А в стенах университета Асеро в глубине души начинал чувствовать себя юным студентом, скованным почтительностью к своим учителям. Может быть, виною этому было отчасти и то обстоятельство, что сам Асеро в своё время звание амаута получить не успел. Сначала помешала война с каньяри, а потом и вовсе стало не до того. Как бы то ни было, глядя на почтенного старца в драгоценном одеянии, Асеро поневоле был готов сползти на просительный тон. Однако усилием воли он сказал твёрдо и повелительно:
— Я пришёл, чтобы узнать причину, почему Золотому Подсолнуху отказано в приёме в университет. Да, я знаю, что оценки за экзамены у него не очень, математика подкачала. Однако этот человек совершил подвиг и вполне имеет право учиться без экзаменов.
— Я не считаю его поступок таким уж подвигом, — ответил Верховный Амаута, — отправившись в Тавантисуйю, прежде всего он спасал собственную жизнь.
— А то, что он несколько лет помогал с риском для жизни такому другу нашей страны, как Томас, и даже под угрозой пыток и смерти не отрёкся от своего учителя? Разве этого мало?
— Об этом мы знаем только с его слов. Вполне может быть, что он всё приукрасил.
— Однако не верить ему нет никаких оснований. Но тут мы можем спорить до посинения. Но в любом случае, мне нужно, чтобы этот юноша получил наше образование. Образованный, он принесёт нашей стране немало пользы.
— Пользы или вреда? Я боюсь его дурного влияния на наше юношество.
— А с чего он будет влиять на наше юношество дурно? — удивлённо спросил Асеро. Такого поворота он никак не ожидал.
— Он бывший монах, и только глупец может думать, что монахи реально живут в невинности. Об их развратных нравах все наслышаны. Я боюсь, что он начнёт развращать наше юношество.
— Я думаю, что у меня лично взгляд достаточно опытный, чтобы отличить развратного юношу от неразвратного. Никаких оснований для твоих опасений нет. Ну, если ты так боишься, то что мешает тебе это дурное влияние отследить и пресечь?
Тут в разговор вмешалась Радуга. Асеро даже не заметил, как она вошла, но Главная Дева Солнца имела право входить в кабинет к Верховному Амаута без стука и предупреждения.
— Твоя беда, о Наимудрейший, в том, что ты слишком боишься сделать неверный шаг. Ты слишком хорошо знаешь, что ошибку могут простить даже Первому Инке, но не тебе, о Мудрейший из Мудрых, — Радуга произносила эти титулы таким тоном, что было ясно: не то что мудрейшим из мудрых, а даже и просто мудрым своего начальника она не считает. — Тебе страшно, что этот юноша, видевший оба мира, принесёт свежую мысль, совершит прорывы, на которых не поймёшь ни ты, ни, может быть, даже я. Но этого не бояться, этому радоваться надо!

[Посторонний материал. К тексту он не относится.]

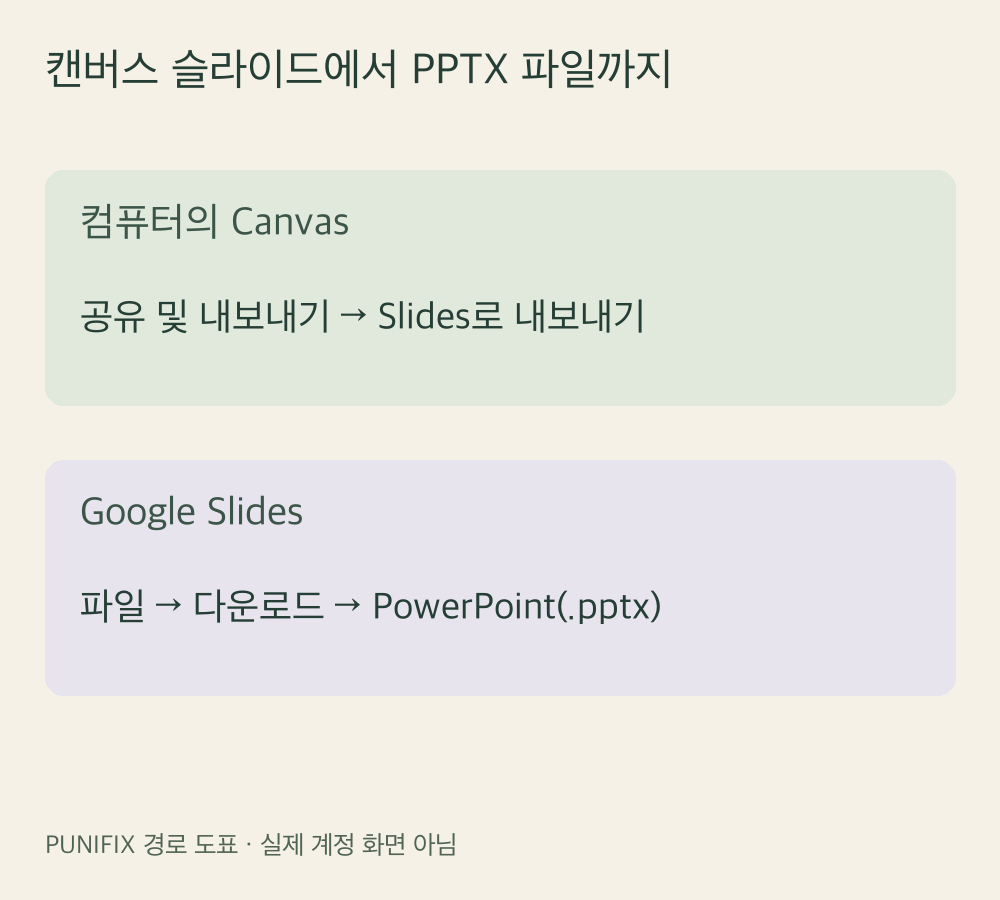 캔버스의 Slides 내보내기와 Slides의 PowerPoint 다운로드를 연결한 컴퓨터용 경로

Наимудрейший невольно покривился — что поделать, в Тавантисуйю начальники не сами выбирают себе подчинённых, а то бы он давно выгнал раздражавшую его временами Радугу. Какому начальнику нравится подчинённый, который не боится пойти ему наперекор? Но в Тавантисуйю чисто за ум и самостоятельность не уволишь, они не входят в список претензий, да вообще Верховный Амаута очень боялся скандалов. Так и на сей раз, идти и против Асеро, и против Радуги он не рискнул. Тем более что веских причин упираться у него было. В крайнем случае, всегда можно будет найти способ мягко избавиться от юноши. И скрепя сердце Верховный Амаута согласился принять бывшего монаха учиться в университет.